Instructions for the task
Transcribe the records below exactly as written, from the opening line through the line that contains "Otter - Männer Premium Bio T-Shirt - Rot".

Scraped caption text data
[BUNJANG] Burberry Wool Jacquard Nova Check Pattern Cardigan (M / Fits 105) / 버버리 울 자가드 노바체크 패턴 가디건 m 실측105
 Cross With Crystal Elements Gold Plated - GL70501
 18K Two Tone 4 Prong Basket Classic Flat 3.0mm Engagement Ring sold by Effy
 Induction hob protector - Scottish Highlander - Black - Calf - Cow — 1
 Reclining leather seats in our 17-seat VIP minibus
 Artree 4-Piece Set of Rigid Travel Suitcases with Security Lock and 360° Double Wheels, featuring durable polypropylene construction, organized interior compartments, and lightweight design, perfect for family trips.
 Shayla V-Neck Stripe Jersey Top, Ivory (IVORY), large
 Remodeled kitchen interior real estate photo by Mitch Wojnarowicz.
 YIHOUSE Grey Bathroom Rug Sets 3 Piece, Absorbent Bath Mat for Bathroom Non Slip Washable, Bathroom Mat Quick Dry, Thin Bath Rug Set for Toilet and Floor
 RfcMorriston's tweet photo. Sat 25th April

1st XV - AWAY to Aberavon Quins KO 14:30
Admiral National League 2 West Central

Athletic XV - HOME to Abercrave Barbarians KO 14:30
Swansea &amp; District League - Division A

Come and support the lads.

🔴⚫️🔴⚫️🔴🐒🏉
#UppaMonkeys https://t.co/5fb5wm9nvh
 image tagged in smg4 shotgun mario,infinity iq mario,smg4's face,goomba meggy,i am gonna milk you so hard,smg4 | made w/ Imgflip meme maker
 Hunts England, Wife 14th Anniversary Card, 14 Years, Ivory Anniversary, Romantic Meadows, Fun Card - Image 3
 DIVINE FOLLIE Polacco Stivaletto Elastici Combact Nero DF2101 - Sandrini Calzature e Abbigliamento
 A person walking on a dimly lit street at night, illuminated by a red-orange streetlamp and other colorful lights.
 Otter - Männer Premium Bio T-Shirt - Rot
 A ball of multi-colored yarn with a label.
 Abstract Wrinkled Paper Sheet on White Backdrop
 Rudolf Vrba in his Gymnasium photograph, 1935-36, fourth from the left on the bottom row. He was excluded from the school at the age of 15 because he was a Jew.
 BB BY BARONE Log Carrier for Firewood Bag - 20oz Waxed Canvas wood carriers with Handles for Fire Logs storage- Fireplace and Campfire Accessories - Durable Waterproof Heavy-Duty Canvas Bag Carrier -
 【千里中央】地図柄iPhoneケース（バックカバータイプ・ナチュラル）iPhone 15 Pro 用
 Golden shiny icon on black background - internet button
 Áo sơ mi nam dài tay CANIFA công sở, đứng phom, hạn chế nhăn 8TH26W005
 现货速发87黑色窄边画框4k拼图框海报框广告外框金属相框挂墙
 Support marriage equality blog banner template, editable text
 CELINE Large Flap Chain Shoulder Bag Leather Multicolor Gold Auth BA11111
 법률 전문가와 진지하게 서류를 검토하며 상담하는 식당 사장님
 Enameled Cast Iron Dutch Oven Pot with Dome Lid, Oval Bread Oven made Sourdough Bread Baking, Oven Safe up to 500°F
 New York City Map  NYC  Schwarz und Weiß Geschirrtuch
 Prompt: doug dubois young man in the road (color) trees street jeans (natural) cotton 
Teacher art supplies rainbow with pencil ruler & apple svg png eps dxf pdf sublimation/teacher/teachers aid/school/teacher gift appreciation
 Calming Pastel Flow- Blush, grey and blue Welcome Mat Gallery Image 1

Exercise result
[BUNJANG] Burberry Wool Jacquard Nova Check Pattern Cardigan (M / Fits 105) / 버버리 울 자가드 노바체크 패턴 가디건 m 실측105
 Cross With Crystal Elements Gold Plated - GL70501
 18K Two Tone 4 Prong Basket Classic Flat 3.0mm Engagement Ring sold by Effy
 Induction hob protector - Scottish Highlander - Black - Calf - Cow — 1
 Reclining leather seats in our 17-seat VIP minibus
 Artree 4-Piece Set of Rigid Travel Suitcases with Security Lock and 360° Double Wheels, featuring durable polypropylene construction, organized interior compartments, and lightweight design, perfect for family trips.
 Shayla V-Neck Stripe Jersey Top, Ivory (IVORY), large
 Remodeled kitchen interior real estate photo by Mitch Wojnarowicz.
 YIHOUSE Grey Bathroom Rug Sets 3 Piece, Absorbent Bath Mat for Bathroom Non Slip Washable, Bathroom Mat Quick Dry, Thin Bath Rug Set for Toilet and Floor
 RfcMorriston's tweet photo. Sat 25th April

1st XV - AWAY to Aberavon Quins KO 14:30
Admiral National League 2 West Central

Athletic XV - HOME to Abercrave Barbarians KO 14:30
Swansea &amp; District League - Division A

Come and support the lads.

🔴⚫️🔴⚫️🔴🐒🏉
#UppaMonkeys https://t.co/5fb5wm9nvh
 image tagged in smg4 shotgun mario,infinity iq mario,smg4's face,goomba meggy,i am gonna milk you so hard,smg4 | made w/ Imgflip meme maker
 Hunts England, Wife 14th Anniversary Card, 14 Years, Ivory Anniversary, Romantic Meadows, Fun Card - Image 3
 DIVINE FOLLIE Polacco Stivaletto Elastici Combact Nero DF2101 - Sandrini Calzature e Abbigliamento
 A person walking on a dimly lit street at night, illuminated by a red-orange streetlamp and other colorful lights.
 Otter - Männer Premium Bio T-Shirt - Rot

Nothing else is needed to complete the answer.